What to do
Copy out precisely the lines from the start of the data through the line with "Reynolds Assault Carbon", and keep pictures out of it.

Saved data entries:
_ _ _

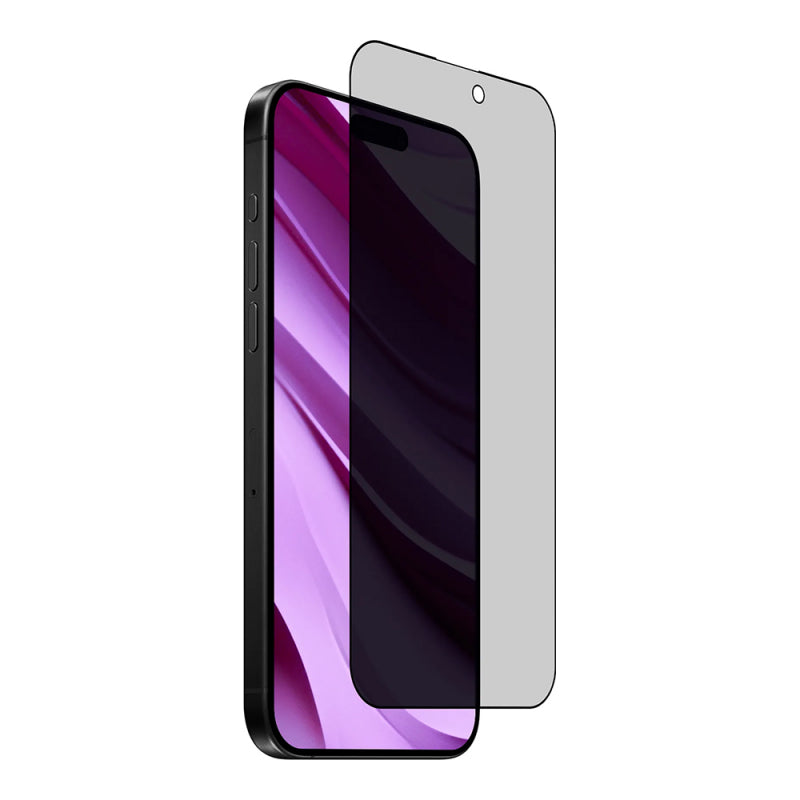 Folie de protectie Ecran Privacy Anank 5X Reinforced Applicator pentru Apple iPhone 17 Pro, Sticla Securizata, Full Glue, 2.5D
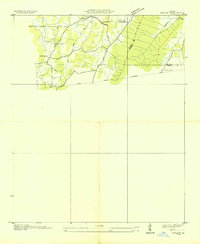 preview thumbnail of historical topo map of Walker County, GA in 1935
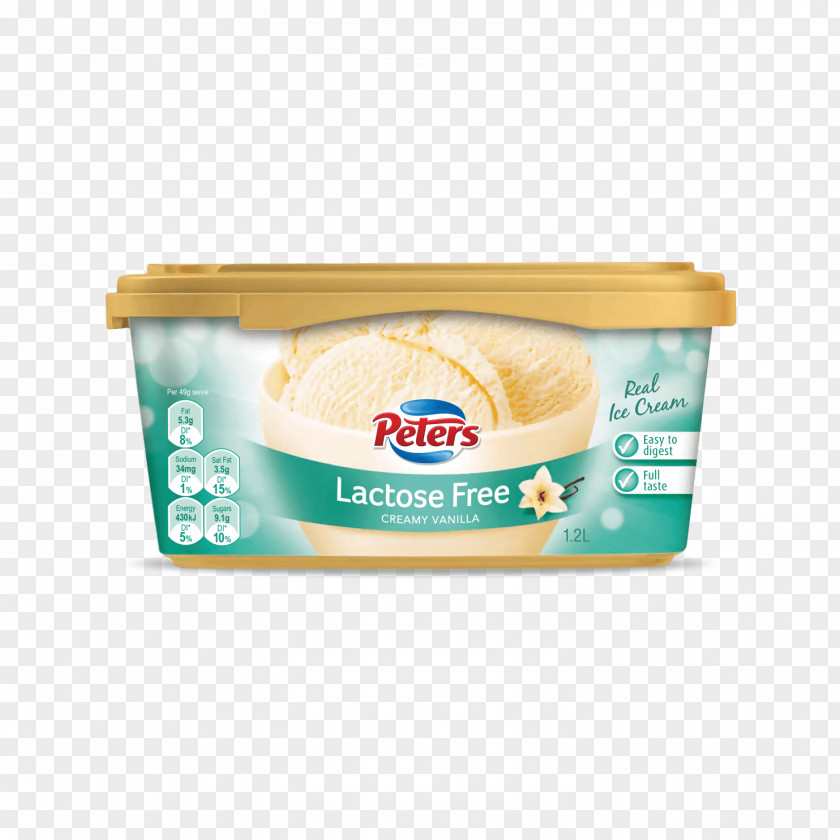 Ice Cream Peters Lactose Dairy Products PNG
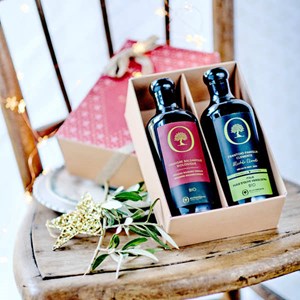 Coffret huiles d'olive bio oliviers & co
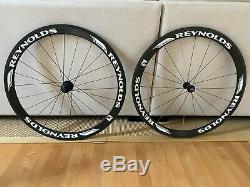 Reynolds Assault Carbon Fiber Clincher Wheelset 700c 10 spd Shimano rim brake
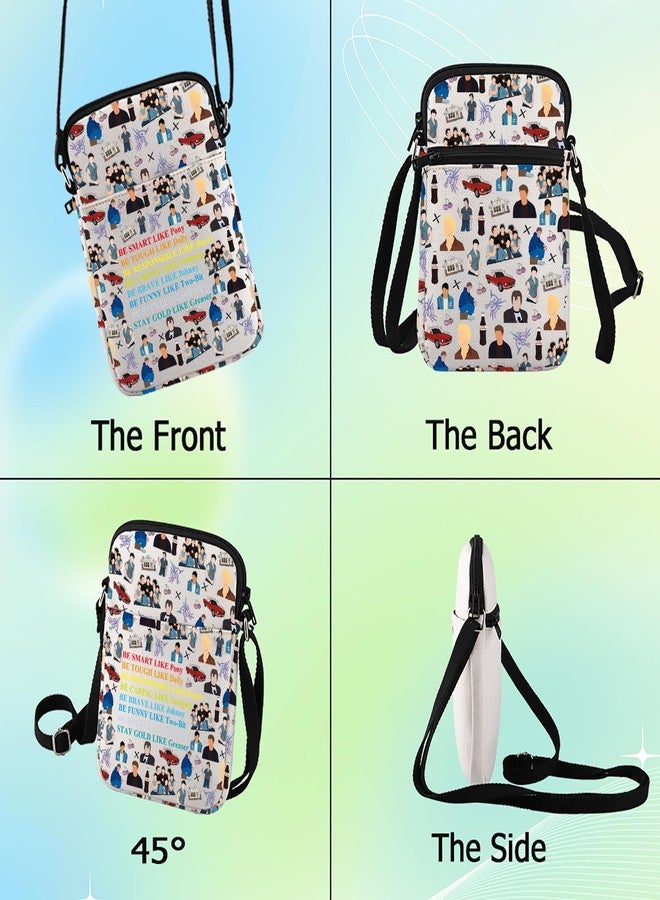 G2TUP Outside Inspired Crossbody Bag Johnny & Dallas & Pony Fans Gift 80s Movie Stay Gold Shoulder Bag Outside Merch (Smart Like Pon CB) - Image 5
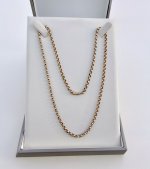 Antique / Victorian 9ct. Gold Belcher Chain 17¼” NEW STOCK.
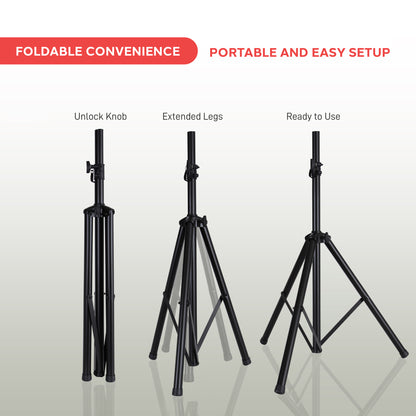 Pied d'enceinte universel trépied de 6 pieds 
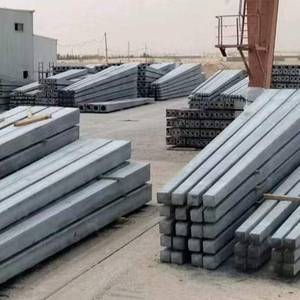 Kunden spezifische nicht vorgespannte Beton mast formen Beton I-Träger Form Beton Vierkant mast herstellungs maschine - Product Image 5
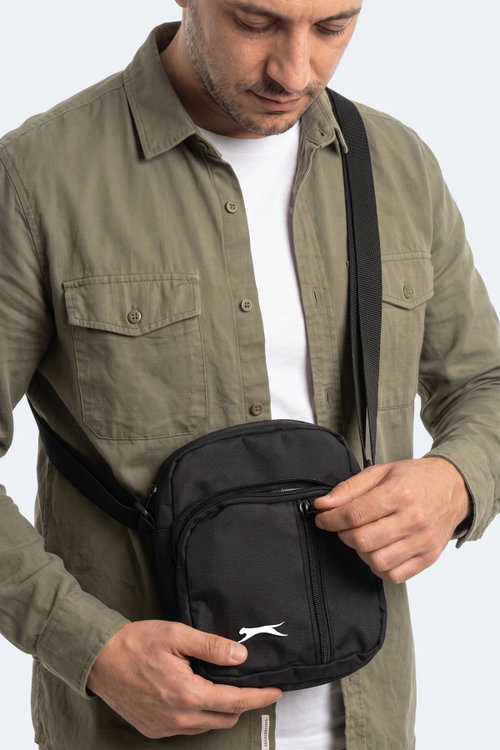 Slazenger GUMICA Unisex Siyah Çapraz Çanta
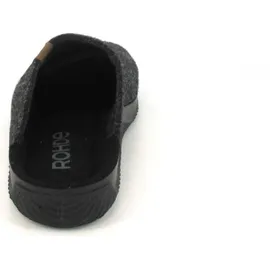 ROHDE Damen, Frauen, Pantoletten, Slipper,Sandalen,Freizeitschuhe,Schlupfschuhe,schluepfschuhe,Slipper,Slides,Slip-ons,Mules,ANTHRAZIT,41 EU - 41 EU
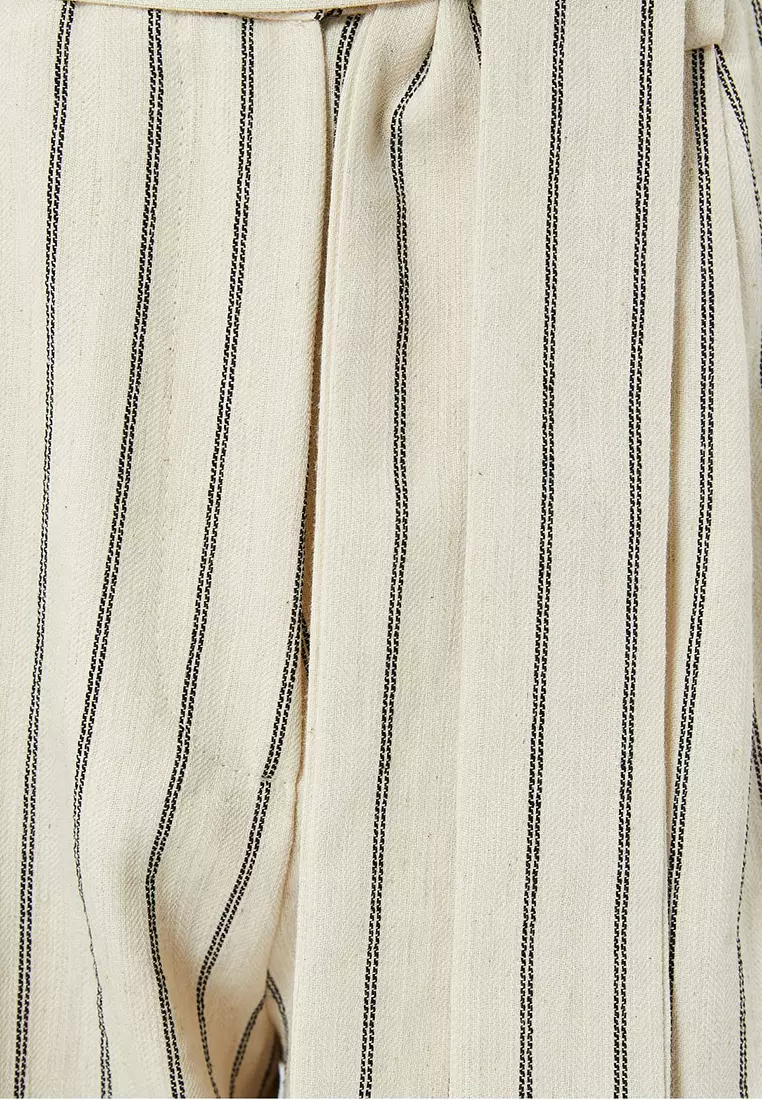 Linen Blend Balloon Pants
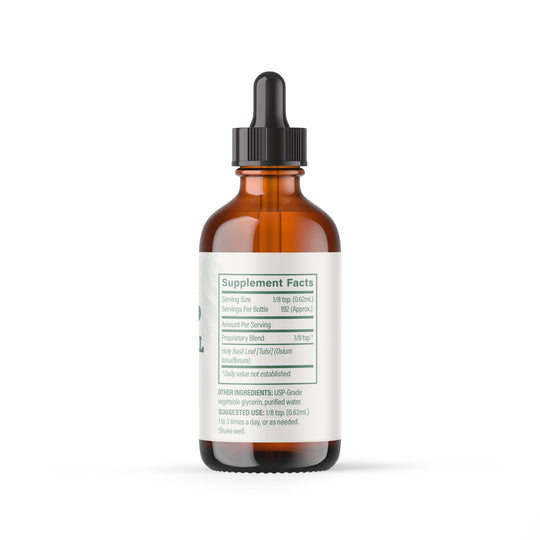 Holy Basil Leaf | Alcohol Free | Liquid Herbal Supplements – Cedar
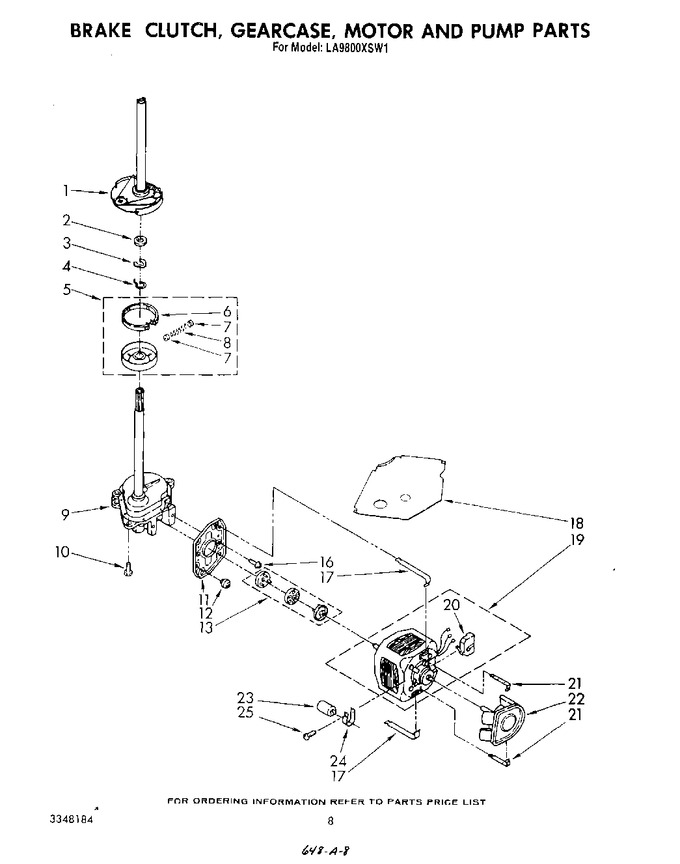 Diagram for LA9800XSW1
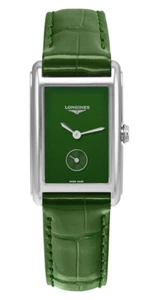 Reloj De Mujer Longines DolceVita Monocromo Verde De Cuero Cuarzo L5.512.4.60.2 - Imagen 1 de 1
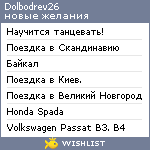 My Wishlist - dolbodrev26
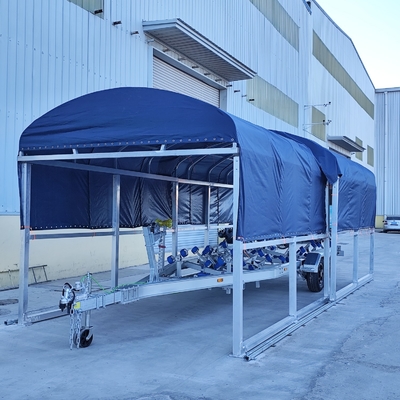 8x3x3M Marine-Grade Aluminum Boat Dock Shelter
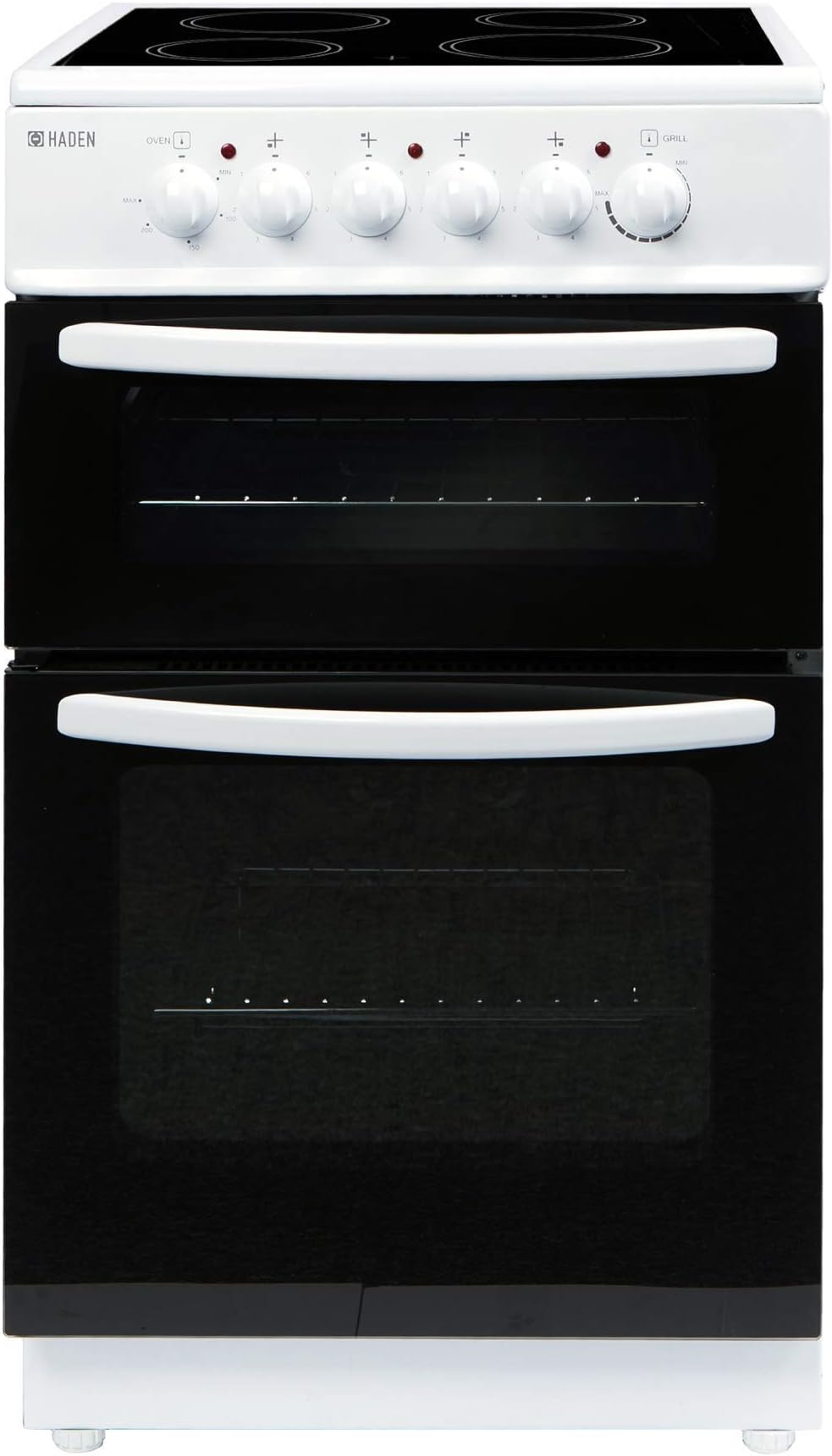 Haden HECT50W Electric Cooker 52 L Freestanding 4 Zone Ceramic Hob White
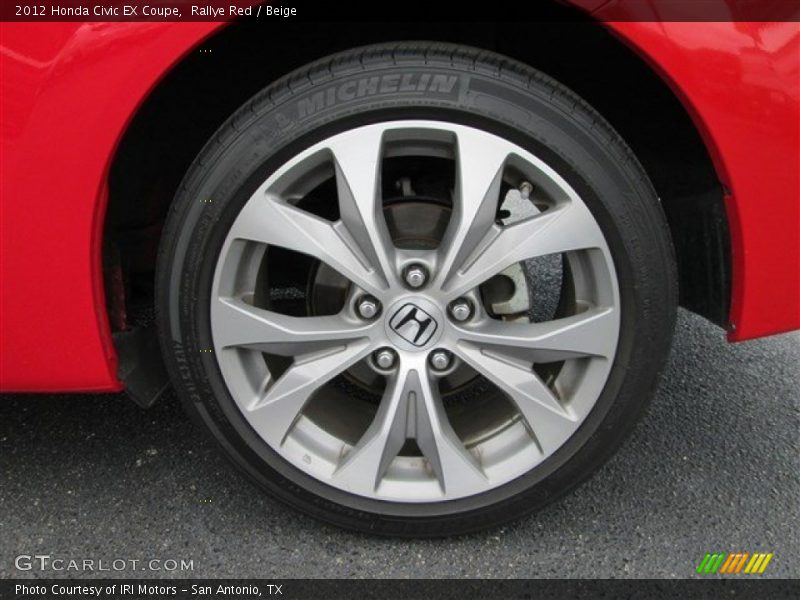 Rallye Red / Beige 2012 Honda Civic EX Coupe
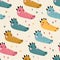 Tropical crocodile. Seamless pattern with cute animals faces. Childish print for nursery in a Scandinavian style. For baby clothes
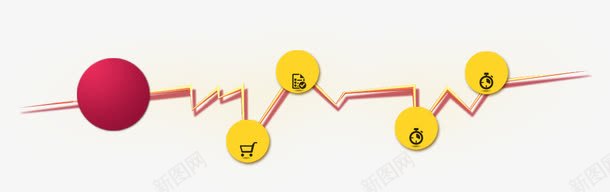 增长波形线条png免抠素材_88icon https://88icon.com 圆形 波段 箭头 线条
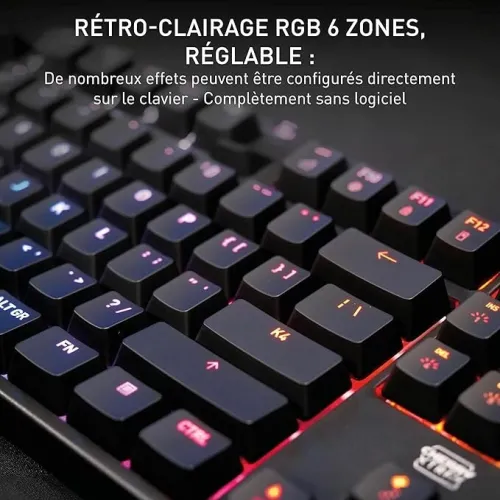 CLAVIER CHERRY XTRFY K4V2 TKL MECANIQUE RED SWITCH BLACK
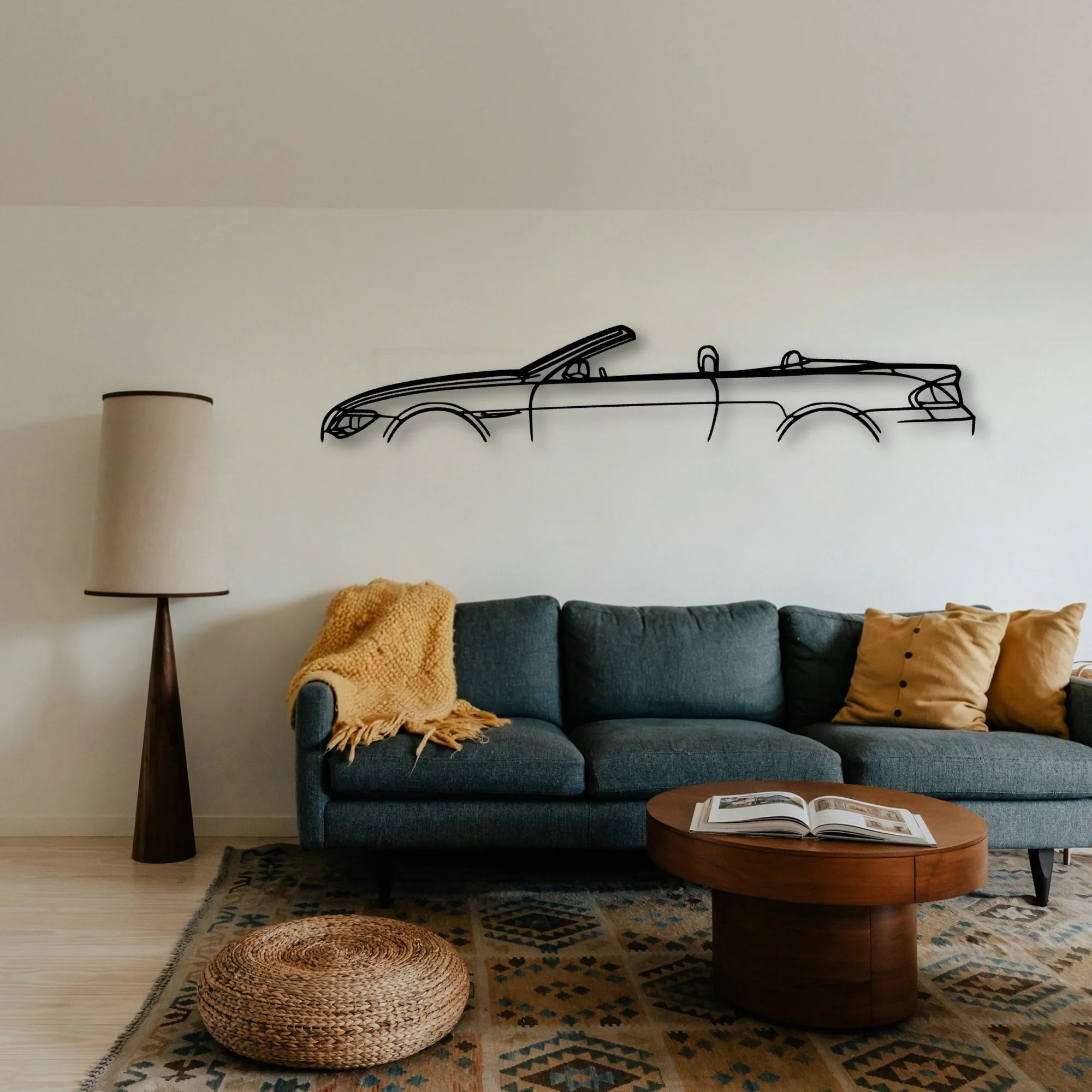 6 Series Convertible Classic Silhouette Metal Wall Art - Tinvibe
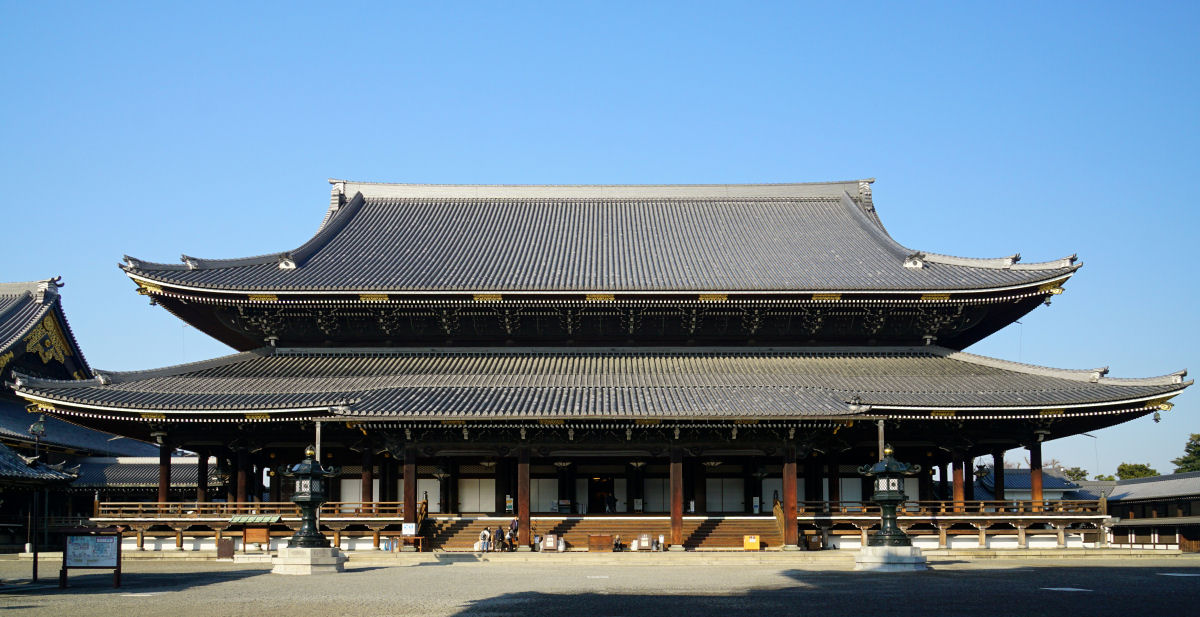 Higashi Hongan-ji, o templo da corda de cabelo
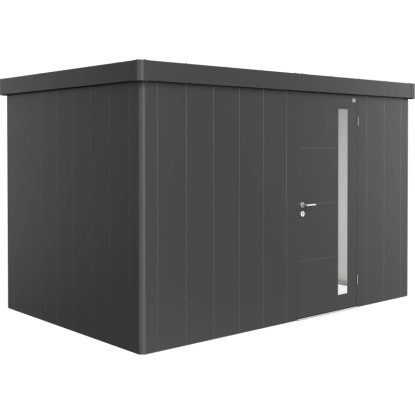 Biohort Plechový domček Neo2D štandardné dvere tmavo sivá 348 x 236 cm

_ _ _

Response area
 Folie de protectie Ecran Privacy Anank 5X Reinforced Applicator pentru Apple iPhone 17 Pro, Sticla Securizata, Full Glue, 2.5D
 preview thumbnail of historical topo map of Walker County, GA in 1935
 Ice Cream Peters Lactose Dairy Products PNG
 Coffret huiles d'olive bio oliviers & co
 Reynolds Assault Carbon Fiber Clincher Wheelset 700c 10 spd Shimano rim brake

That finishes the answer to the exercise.